* THE DATA *
──────

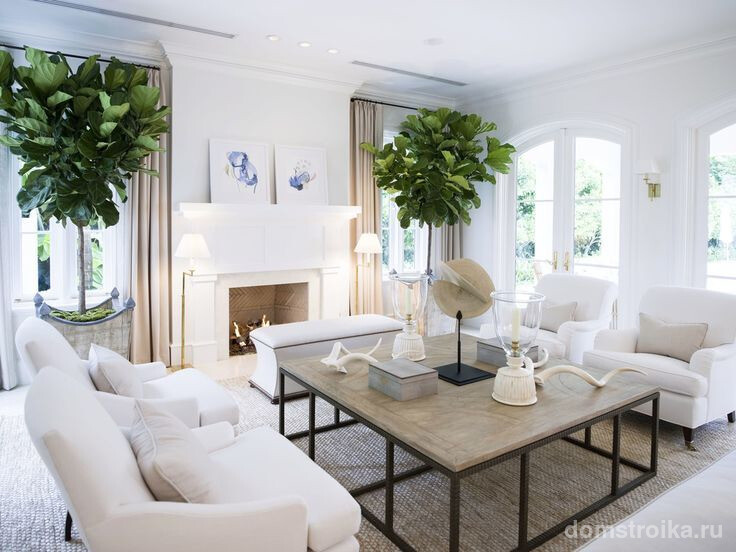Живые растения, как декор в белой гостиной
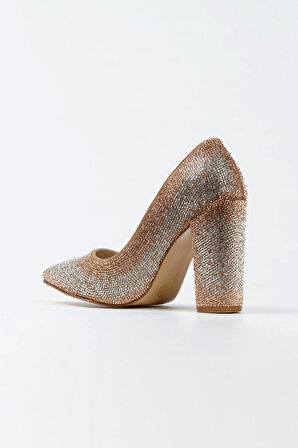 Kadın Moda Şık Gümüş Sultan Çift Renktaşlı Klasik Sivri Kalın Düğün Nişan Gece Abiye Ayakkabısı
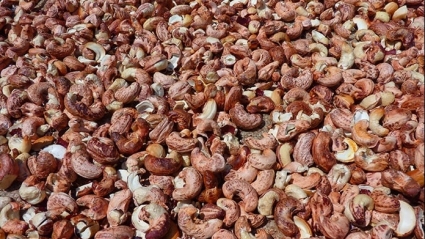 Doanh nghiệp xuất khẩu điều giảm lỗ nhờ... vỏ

──────

* PROBLEM *
Return all the lines above exactly; none of the pictures should appear.

* YOUR SOLUTION *
Живые растения, как декор в белой гостиной
 Kadın Moda Şık Gümüş Sultan Çift Renktaşlı Klasik Sivri Kalın Düğün Nişan Gece Abiye Ayakkabısı
 Doanh nghiệp xuất khẩu điều giảm lỗ nhờ... vỏ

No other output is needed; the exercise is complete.